Wise CounselI’ve just finished reading “Wise Counsel” – John Newton’s letters to John Ryland, Jr. And when I say John Newton, I do of course mean that John Newton – he of Amazing Grace fame, the former slave trader turned Church of England minister. Although Newton is probably best known today for Amazing Grace, at the time he was most famed as a letter writer – many of his letters were published, and he admitted himself that his letters were where God seemed to use him the most.

And his letters are well worth reading: I started reading the book just before ordination, as I thought it might be beneficial to read as I started pastoral ministry. I was not disappointed.

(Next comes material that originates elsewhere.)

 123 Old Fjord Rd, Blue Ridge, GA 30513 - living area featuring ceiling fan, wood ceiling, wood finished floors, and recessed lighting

As I said, John Newton was a minister in the Church of England, and John Ryland Jr. was a Baptist minister. The two corresponded for many years, and it’s wonderful to see the growth of their friendship through these letters. Grant Gordon – editor of the book – has provided a very helpful biographical introduction, as well as notes at the end of each letter explaining the circumstances of the next one.

For me, the real highlights of the book were:

  • Newton’s “wise counsel”. It is an appropriate title for the book – Newton was clearly someone who had a lot of Godly wisdom in various situations. Obviously the situations were specific to Ryland at the time, as was the counsel given, but it’s worth reading simply for Newton’s approach. In particular, Newton was someone for whom theology and the Scriptures were not just an academic thing: they applied in real situations. That is what was so helpful about the book for me – seeing how he took the theology he knew and applied it to the situations he was given. His letters are soaked in Scripture and Scriptural references.
  • Similarly, he was not someone who courted controversy. He was charitable in his dealings with those of different theological persuasions whilst at the same time knowing when to stand firm.
  • I would recommend the book to any Christian, nonetheless they were originally written to a pastor of a church, and as someone now in a similar situation I think the letters were especially relevant to someone in Christian ministry.
  • Finally, what I particularly enjoyed was seeing how many of the situations Newton and Ryland were facing that I could relate to: it’s surprising how little has changed in the last 200 years. It was actually encouraging to think about some of the issues that they were facing in the 18th Century, and how the church has survived those challenges – it gives me confidence that the church will survive today. God has kept the church through many changing times, and he continues to work today.

All in all, this is a book I heartily recommend!